• [Your task]
Return, exactly as written, the lines of the material from its top through the line with "Pendant with a", keeping pictures out.

[[ Data records, beginning ]]

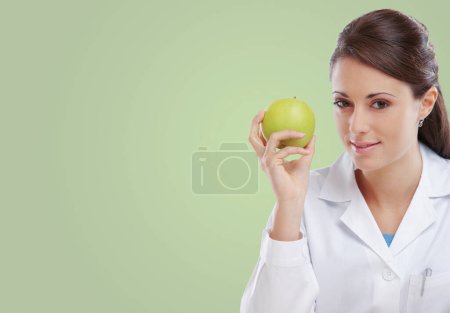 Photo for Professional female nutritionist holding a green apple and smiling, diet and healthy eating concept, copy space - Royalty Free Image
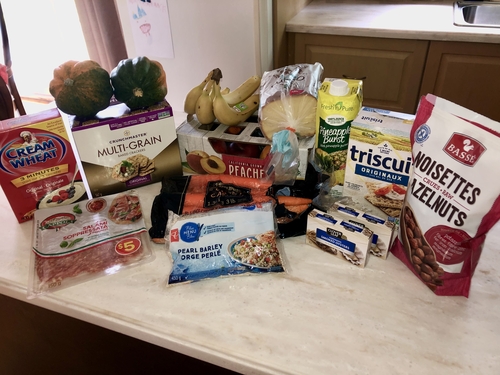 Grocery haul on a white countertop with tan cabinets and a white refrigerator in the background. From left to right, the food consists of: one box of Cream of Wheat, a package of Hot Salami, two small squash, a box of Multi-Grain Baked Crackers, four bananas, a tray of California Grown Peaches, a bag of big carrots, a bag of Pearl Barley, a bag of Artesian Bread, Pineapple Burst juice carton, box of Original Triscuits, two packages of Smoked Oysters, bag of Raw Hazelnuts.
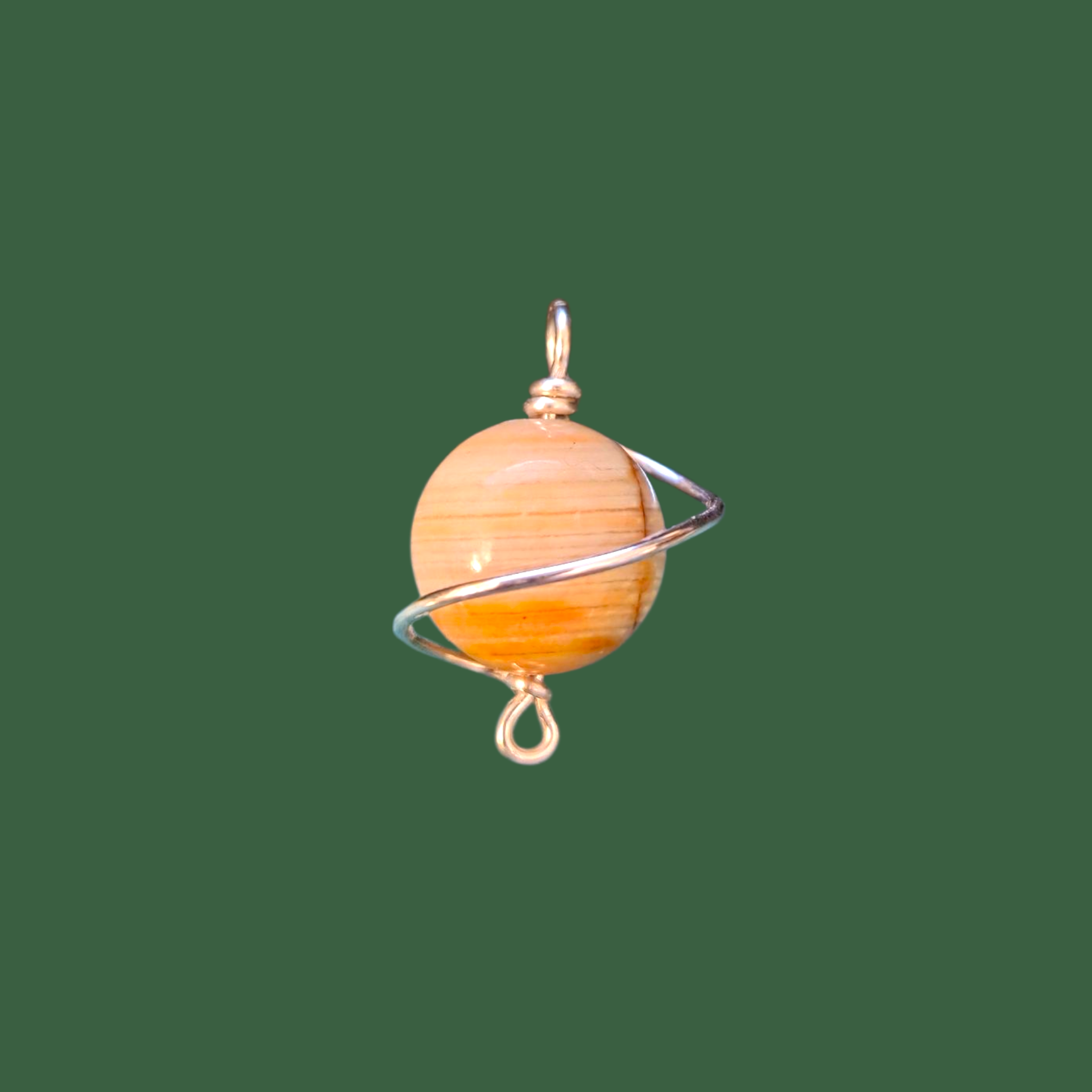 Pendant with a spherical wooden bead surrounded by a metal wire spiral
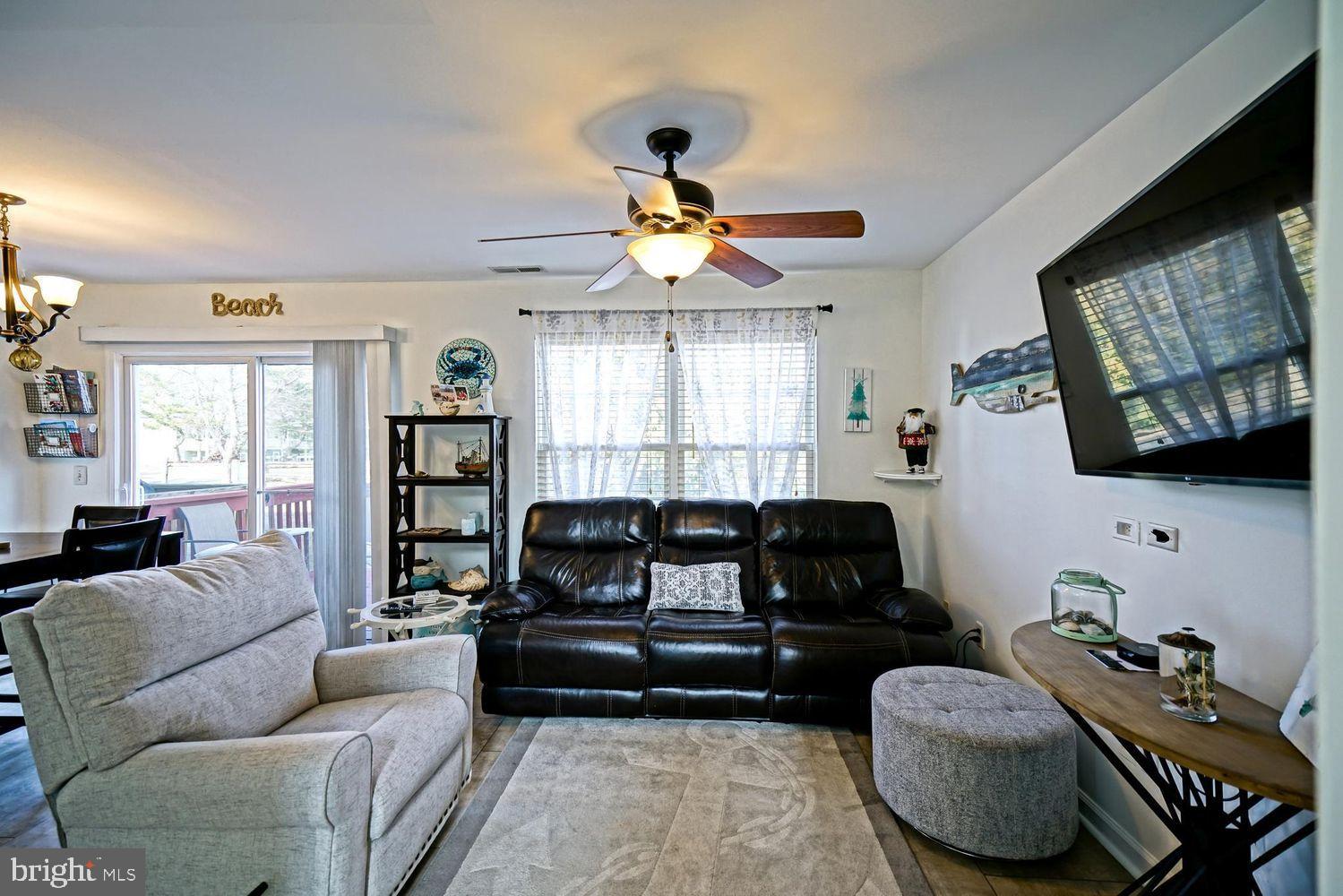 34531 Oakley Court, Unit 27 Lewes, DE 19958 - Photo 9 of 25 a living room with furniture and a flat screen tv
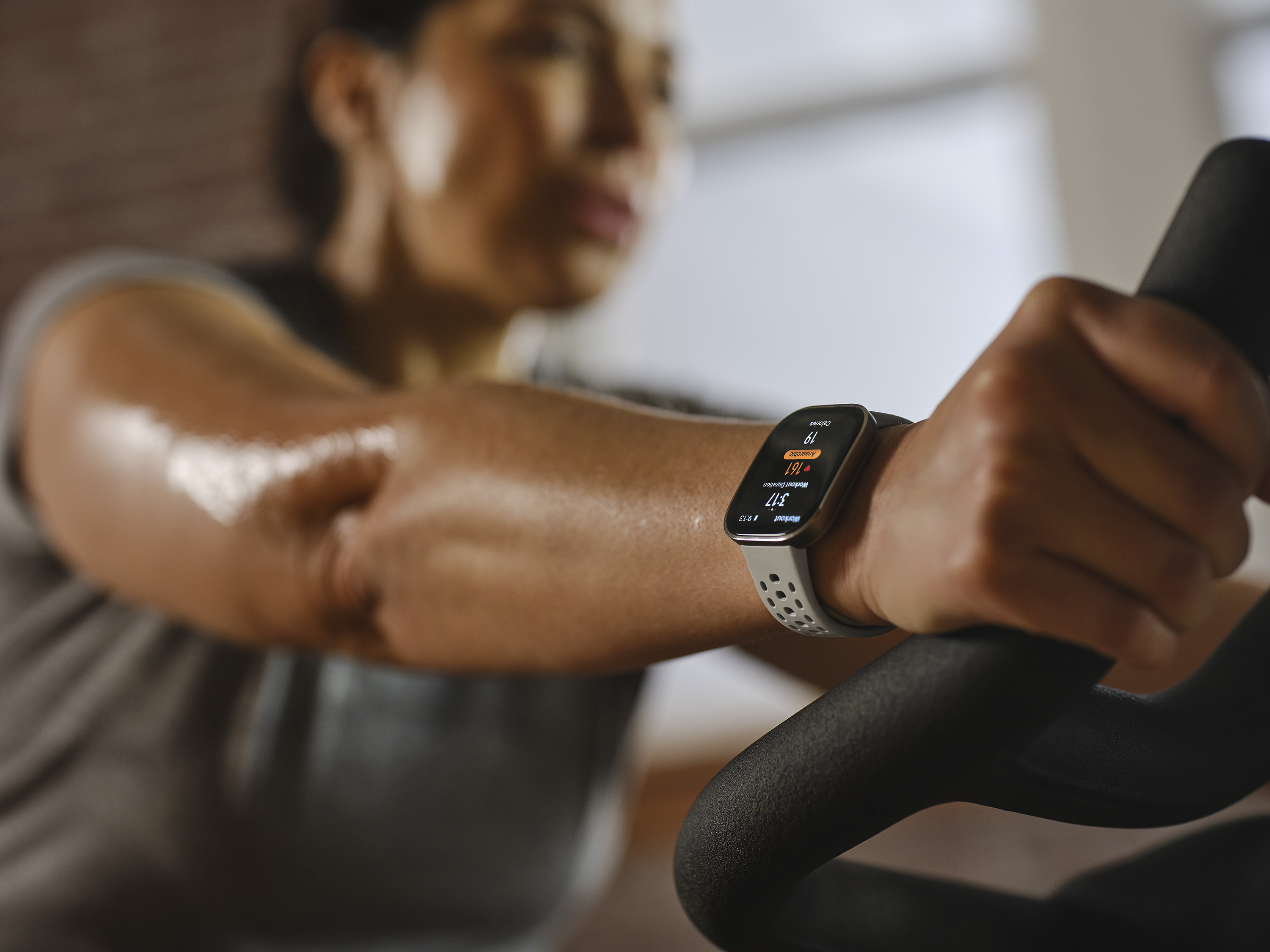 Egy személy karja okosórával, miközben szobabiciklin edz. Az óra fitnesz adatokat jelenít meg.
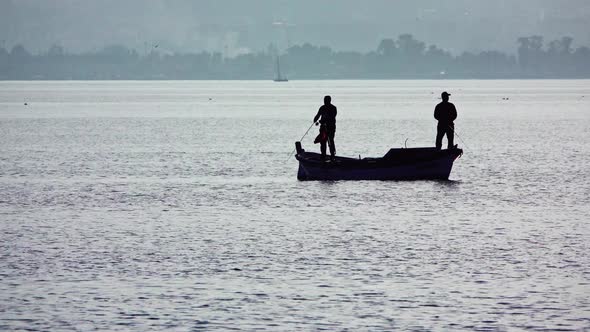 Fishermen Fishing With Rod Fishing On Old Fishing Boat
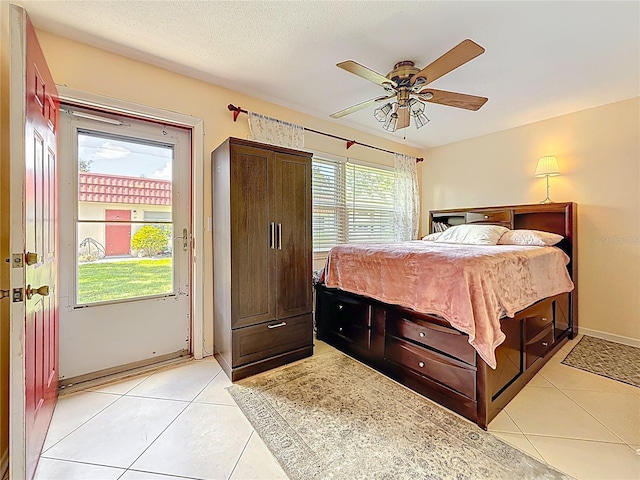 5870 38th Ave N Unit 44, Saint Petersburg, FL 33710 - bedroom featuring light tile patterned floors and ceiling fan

[[ Data records, end ]]

• [The completed task]
 Photo for Professional female nutritionist holding a green apple and smiling, diet and healthy eating concept, copy space - Royalty Free Image
 Grocery haul on a white countertop with tan cabinets and a white refrigerator in the background. From left to right, the food consists of: one box of Cream of Wheat, a package of Hot Salami, two small squash, a box of Multi-Grain Baked Crackers, four bananas, a tray of California Grown Peaches, a bag of big carrots, a bag of Pearl Barley, a bag of Artesian Bread, Pineapple Burst juice carton, box of Original Triscuits, two packages of Smoked Oysters, bag of Raw Hazelnuts.
 Pendant with a spherical wooden bead surrounded by a metal wire spiral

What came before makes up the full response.